Why does John say, “No man hath seen God at any time”? What does that mean about modern revelation?
Thomas A. Wayment in Scripture Study Made Simple: The New Testament clarifies:
This verse can be troubling to some because it declares that no one has seen God at any time. The immediate response is to note those who have seen God (compare to Joseph Smith—History 1:17). In the context of this verse, the idea of which “God” is an important one. John may have intended to convey the idea that no one has yet seen the Son of God as God, or that no one has fully seen Jesus as God. Even the Resurrection was not a full vision of Jesus as God (see John 20:17). The Joseph Smith Translation reads, “And no man hath seen God at any time; except he hath born record of the Son, for except it is through him no man can be saved.”

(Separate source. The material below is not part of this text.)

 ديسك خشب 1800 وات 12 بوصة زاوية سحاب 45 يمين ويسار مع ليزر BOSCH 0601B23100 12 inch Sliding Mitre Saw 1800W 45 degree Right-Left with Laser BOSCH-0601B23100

What do we know about the place where Jesus was baptized?
Thomas R. Valletta in The New Testament Study Guide: Start to Finish offers insight from other scholars:
“According to John, the place where these events occurred was in ‘Bethabara’ (John 1:28), a place name which is confirmed in the Book of Mormon (1 Nephi 10:9). Most ancient Greek manuscripts of the Gospel of John, however, place the events in Bethany instead of Bethabara. Some critics have seen in this an opportunity to criticize the Book of Mormon for using a less known and attested version of the story. The fallacy with this criticism is that a city or place named Bethany ‘beyond Jordan’ is otherwise unattested, whereas Bethabara, ‘the crossing,’ is mentioned in the Talmud” (Holzapfel and Wayment, Making Sense of the New Testament, 28).
The River Jordan beyond Bethabara (John 1:28) [is] a site on the east side of the River Jordan in the vicinity where Jesus was baptized by John. It is called Bethabara in the Book of Mormon. This location is confirmed on the Byzantine-era mosaic map of the Holy Land in Madaba, in Jordan.
(1:28): Biblical scholar Alfred Edersheim pointed out that John the Baptist was absorbed in his mission, his “voice, every where proclaiming the same message, travelled upward, along the winding Jordan which cleft the land of promise. . . . He had now reached what seems to have been the most northern point of his Mission-journey, Beth-Abara (‘the house of passage,’ or ‘of shipping’)—according to the ancient reading, Bethany (‘the house of shipping’)—one of the best known fords across the Jordan into Peraea. Here he baptized (John 1:28)” (Life and Times of Jesus the Messiah, 193).
How is Jesus Christ the light in your life?
Thomas R. Valletta in The New Testament Study Guide: Start to Finish shares:
“The stirring pronouncement that ‘in him was life; and the life was the light of men’ (John 1:4) establishes some of the images used powerfully throughout [John’s] Gospel—namely, that Jesus is the light and the life of the world. Nevertheless, the world, by and large, did not recognize the Word through which God had created it” (Holzapfel and Wayment, Jesus Christ and the World of the New Testament, 132–33). When have you recognized the Savior’s light in your life?